**What the task requires**
An exact copy of all the data below is needed, without its pictures.

**Dataset extract**
# # # #

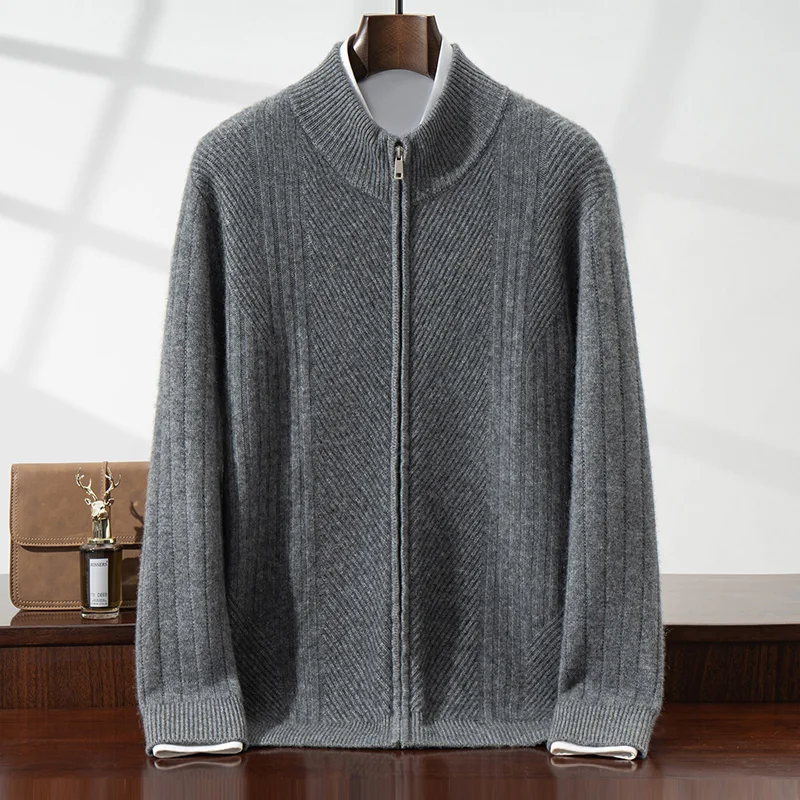 Autumn Winter New Men's Cardigan 100% Cashmere Twill Ribbed Zipper Half High Collar Knitwear Loose Business Casual Jacket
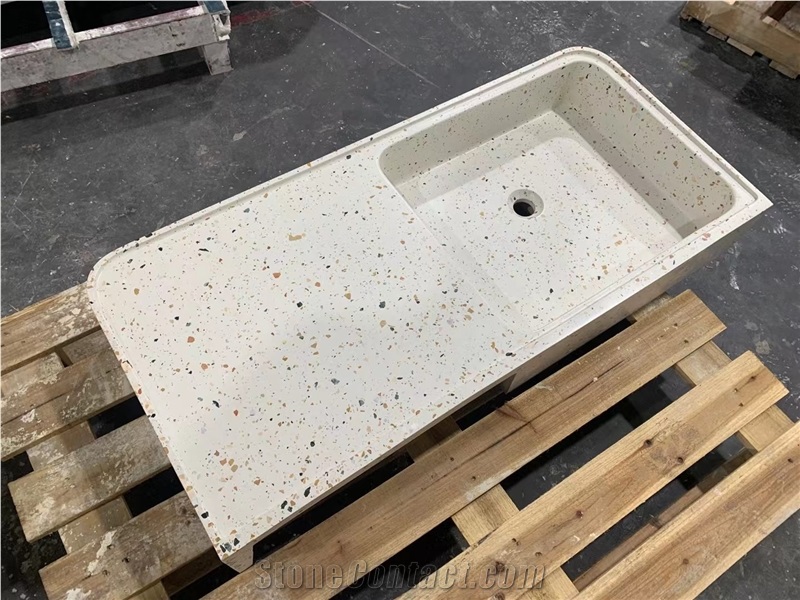 White Terrazzo Bathroom Sink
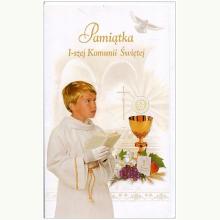 Pamiątka Pierwszej Komunii Świętej - kartka okolicznościowa (chłopiec), P0104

# # # #

**Response to this exercise**
 Autumn Winter New Men's Cardigan 100% Cashmere Twill Ribbed Zipper Half High Collar Knitwear Loose Business Casual Jacket
 White Terrazzo Bathroom Sink
 Pamiątka Pierwszej Komunii Świętej - kartka okolicznościowa (chłopiec), P0104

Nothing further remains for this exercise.